▶ INFORMATION PROVIDED:

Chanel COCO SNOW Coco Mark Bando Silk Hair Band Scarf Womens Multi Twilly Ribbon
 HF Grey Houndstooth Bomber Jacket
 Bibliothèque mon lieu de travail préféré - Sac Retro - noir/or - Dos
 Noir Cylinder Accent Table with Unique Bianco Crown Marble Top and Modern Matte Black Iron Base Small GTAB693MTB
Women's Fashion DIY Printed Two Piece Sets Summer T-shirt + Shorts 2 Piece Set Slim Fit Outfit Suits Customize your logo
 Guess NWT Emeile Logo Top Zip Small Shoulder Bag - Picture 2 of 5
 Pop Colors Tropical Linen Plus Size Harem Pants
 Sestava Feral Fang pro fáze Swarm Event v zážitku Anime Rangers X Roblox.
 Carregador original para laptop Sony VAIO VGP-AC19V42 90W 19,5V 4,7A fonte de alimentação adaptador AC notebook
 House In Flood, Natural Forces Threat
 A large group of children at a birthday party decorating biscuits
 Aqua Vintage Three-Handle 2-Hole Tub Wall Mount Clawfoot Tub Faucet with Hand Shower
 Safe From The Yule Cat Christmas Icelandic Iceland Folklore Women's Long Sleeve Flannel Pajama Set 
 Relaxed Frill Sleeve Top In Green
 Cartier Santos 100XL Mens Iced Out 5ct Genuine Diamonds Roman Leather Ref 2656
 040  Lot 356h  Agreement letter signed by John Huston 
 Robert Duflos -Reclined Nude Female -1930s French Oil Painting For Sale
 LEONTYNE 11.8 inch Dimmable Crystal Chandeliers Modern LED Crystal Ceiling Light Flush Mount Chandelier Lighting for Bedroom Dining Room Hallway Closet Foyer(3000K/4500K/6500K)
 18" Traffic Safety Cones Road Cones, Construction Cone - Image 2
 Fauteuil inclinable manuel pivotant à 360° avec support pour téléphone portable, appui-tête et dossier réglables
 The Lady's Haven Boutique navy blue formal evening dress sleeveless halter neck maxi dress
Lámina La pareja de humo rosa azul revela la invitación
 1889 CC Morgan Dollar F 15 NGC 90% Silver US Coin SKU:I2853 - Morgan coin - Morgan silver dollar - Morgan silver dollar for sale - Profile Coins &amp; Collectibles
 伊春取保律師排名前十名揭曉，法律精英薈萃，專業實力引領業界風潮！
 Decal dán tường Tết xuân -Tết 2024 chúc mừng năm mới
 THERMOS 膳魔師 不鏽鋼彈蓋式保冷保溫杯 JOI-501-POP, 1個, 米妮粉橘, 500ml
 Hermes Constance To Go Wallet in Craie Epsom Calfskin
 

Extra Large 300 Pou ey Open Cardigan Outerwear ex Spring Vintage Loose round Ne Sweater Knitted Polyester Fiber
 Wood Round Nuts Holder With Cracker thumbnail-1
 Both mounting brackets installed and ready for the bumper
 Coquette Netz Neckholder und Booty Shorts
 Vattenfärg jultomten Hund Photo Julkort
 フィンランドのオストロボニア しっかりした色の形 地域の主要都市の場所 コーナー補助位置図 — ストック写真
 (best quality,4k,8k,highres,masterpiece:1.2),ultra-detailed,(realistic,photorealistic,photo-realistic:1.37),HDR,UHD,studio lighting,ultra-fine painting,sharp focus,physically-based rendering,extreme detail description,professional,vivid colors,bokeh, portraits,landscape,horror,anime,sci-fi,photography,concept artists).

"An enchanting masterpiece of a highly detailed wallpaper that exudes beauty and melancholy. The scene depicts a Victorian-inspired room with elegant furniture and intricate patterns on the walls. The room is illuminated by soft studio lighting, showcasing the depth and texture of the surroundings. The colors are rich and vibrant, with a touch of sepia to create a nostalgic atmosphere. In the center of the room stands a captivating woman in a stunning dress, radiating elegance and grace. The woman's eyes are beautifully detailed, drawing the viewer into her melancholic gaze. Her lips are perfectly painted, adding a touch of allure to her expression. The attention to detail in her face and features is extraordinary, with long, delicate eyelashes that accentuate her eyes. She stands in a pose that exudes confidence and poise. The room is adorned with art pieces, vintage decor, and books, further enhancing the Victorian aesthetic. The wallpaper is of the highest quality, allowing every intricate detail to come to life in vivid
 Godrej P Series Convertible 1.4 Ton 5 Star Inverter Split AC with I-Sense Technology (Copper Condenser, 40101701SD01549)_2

▶ REQUIRED ACTION:
Without changing a single character, write out all of the entries.

▶ RESPONSE TO THIS TASK:
Chanel COCO SNOW Coco Mark Bando Silk Hair Band Scarf Womens Multi Twilly Ribbon
 HF Grey Houndstooth Bomber Jacket
 Bibliothèque mon lieu de travail préféré - Sac Retro - noir/or - Dos
 Noir Cylinder Accent Table with Unique Bianco Crown Marble Top and Modern Matte Black Iron Base Small GTAB693MTB
Women's Fashion DIY Printed Two Piece Sets Summer T-shirt + Shorts 2 Piece Set Slim Fit Outfit Suits Customize your logo
 Guess NWT Emeile Logo Top Zip Small Shoulder Bag - Picture 2 of 5
 Pop Colors Tropical Linen Plus Size Harem Pants
 Sestava Feral Fang pro fáze Swarm Event v zážitku Anime Rangers X Roblox.
 Carregador original para laptop Sony VAIO VGP-AC19V42 90W 19,5V 4,7A fonte de alimentação adaptador AC notebook
 House In Flood, Natural Forces Threat
 A large group of children at a birthday party decorating biscuits
 Aqua Vintage Three-Handle 2-Hole Tub Wall Mount Clawfoot Tub Faucet with Hand Shower
 Safe From The Yule Cat Christmas Icelandic Iceland Folklore Women's Long Sleeve Flannel Pajama Set 
 Relaxed Frill Sleeve Top In Green
 Cartier Santos 100XL Mens Iced Out 5ct Genuine Diamonds Roman Leather Ref 2656
 040  Lot 356h  Agreement letter signed by John Huston 
 Robert Duflos -Reclined Nude Female -1930s French Oil Painting For Sale
 LEONTYNE 11.8 inch Dimmable Crystal Chandeliers Modern LED Crystal Ceiling Light Flush Mount Chandelier Lighting for Bedroom Dining Room Hallway Closet Foyer(3000K/4500K/6500K)
 18" Traffic Safety Cones Road Cones, Construction Cone - Image 2
 Fauteuil inclinable manuel pivotant à 360° avec support pour téléphone portable, appui-tête et dossier réglables
 The Lady's Haven Boutique navy blue formal evening dress sleeveless halter neck maxi dress
Lámina La pareja de humo rosa azul revela la invitación
 1889 CC Morgan Dollar F 15 NGC 90% Silver US Coin SKU:I2853 - Morgan coin - Morgan silver dollar - Morgan silver dollar for sale - Profile Coins &amp; Collectibles
 伊春取保律師排名前十名揭曉，法律精英薈萃，專業實力引領業界風潮！
 Decal dán tường Tết xuân -Tết 2024 chúc mừng năm mới
 THERMOS 膳魔師 不鏽鋼彈蓋式保冷保溫杯 JOI-501-POP, 1個, 米妮粉橘, 500ml
 Hermes Constance To Go Wallet in Craie Epsom Calfskin
 

Extra Large 300 Pou ey Open Cardigan Outerwear ex Spring Vintage Loose round Ne Sweater Knitted Polyester Fiber
 Wood Round Nuts Holder With Cracker thumbnail-1
 Both mounting brackets installed and ready for the bumper
 Coquette Netz Neckholder und Booty Shorts
 Vattenfärg jultomten Hund Photo Julkort
 フィンランドのオストロボニア しっかりした色の形 地域の主要都市の場所 コーナー補助位置図 — ストック写真
 (best quality,4k,8k,highres,masterpiece:1.2),ultra-detailed,(realistic,photorealistic,photo-realistic:1.37),HDR,UHD,studio lighting,ultra-fine painting,sharp focus,physically-based rendering,extreme detail description,professional,vivid colors,bokeh, portraits,landscape,horror,anime,sci-fi,photography,concept artists).

"An enchanting masterpiece of a highly detailed wallpaper that exudes beauty and melancholy. The scene depicts a Victorian-inspired room with elegant furniture and intricate patterns on the walls. The room is illuminated by soft studio lighting, showcasing the depth and texture of the surroundings. The colors are rich and vibrant, with a touch of sepia to create a nostalgic atmosphere. In the center of the room stands a captivating woman in a stunning dress, radiating elegance and grace. The woman's eyes are beautifully detailed, drawing the viewer into her melancholic gaze. Her lips are perfectly painted, adding a touch of allure to her expression. The attention to detail in her face and features is extraordinary, with long, delicate eyelashes that accentuate her eyes. She stands in a pose that exudes confidence and poise. The room is adorned with art pieces, vintage decor, and books, further enhancing the Victorian aesthetic. The wallpaper is of the highest quality, allowing every intricate detail to come to life in vivid
 Godrej P Series Convertible 1.4 Ton 5 Star Inverter Split AC with I-Sense Technology (Copper Condenser, 40101701SD01549)_2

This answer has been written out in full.